2. *(a[0]+1)= by de-refrence property it will come like
a[0][1], its value is 2.

3. *(*(a+0)+1), again it will dereference like
1st step--> *(a[0]+1) ,again its same like previous
2nd step--> a[0][1], ans will be 2 for this

Hence finally1006 2 2 will be answer

This is a tricky question. You need to first understand how C compiler actually deals with multi-dimensional arrays. For the above example:

int a[3][4] the compiler first creates an array with 3 pointers. These pointers points to another array that holds 4 ints.

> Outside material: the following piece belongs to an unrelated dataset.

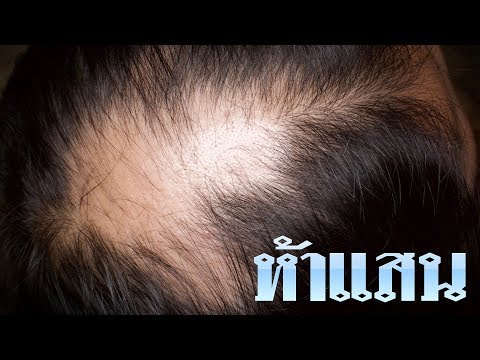หัวล้านรักษาได้ ไม่แพงอย่างที่คิด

By calling a[0] you are accessing the first array which stores the pointer to the array of 4 int that represents row 0!!!!!

So in simple terms a[i] returns the address of each row not the value.

@rupa

for double dimensional arrays.
a[0] = *a = address of a[0][0].
a[1] = *(a+1) = address of a[1][0].
a[2] = *(a+2) = address of a[2][0] and soon.

So
for *(a[0]+1):
a[0]+1 is the address of a[0][1] and pointer to it i.e., *(a[0]+1) would be the element in the a[0][1]

for *(*(a+0)+1):
*(a+0)is the address of a[0][0] and *(a+0)+1 would be the address for a[0][1] and the pointer to it i.e., *(*(a+0)+1) would be the element in the a[0][1].

What would be the output of the following program assuming that the array begins at location 1002 ?

main()
{
int[2][3][4] = {
1,2,3,4,
5,6,7,8,
9,1,1,2
},
{
2,1,4,7,
6,7,8,9,
0,0,0,0
}
};
printf("\n%u%u%u%d",a,*a,**a,***a);
}

A multidimensional array is of form, a[i][j]. Let's see how we can make a pointer point to such an array. As we know now, the name of the array gives its base address. In a[i][j], a will give the base address of this array, even a+0+0 will also give the base address, that is the address of a[0][0] element.

Here is the generalized form for using a pointer with multidimensional arrays.

*(*(ptr + i) + j)
is same as

a[i][j]

it is a two dimensional array consists of 3 rows and 4 columns so its like:

1 2 3 4
5 6 7 8
9 10 11 12

But memory is allocated like the two dimensional array is also a general array consists of 4 elements.so if refer a[0]=4, a[1]=5, a[2]=9, a[0]+1=2 like that and we know that memory allocated for array is consecutive blocks.so array starts at 1002 next element is at 1006.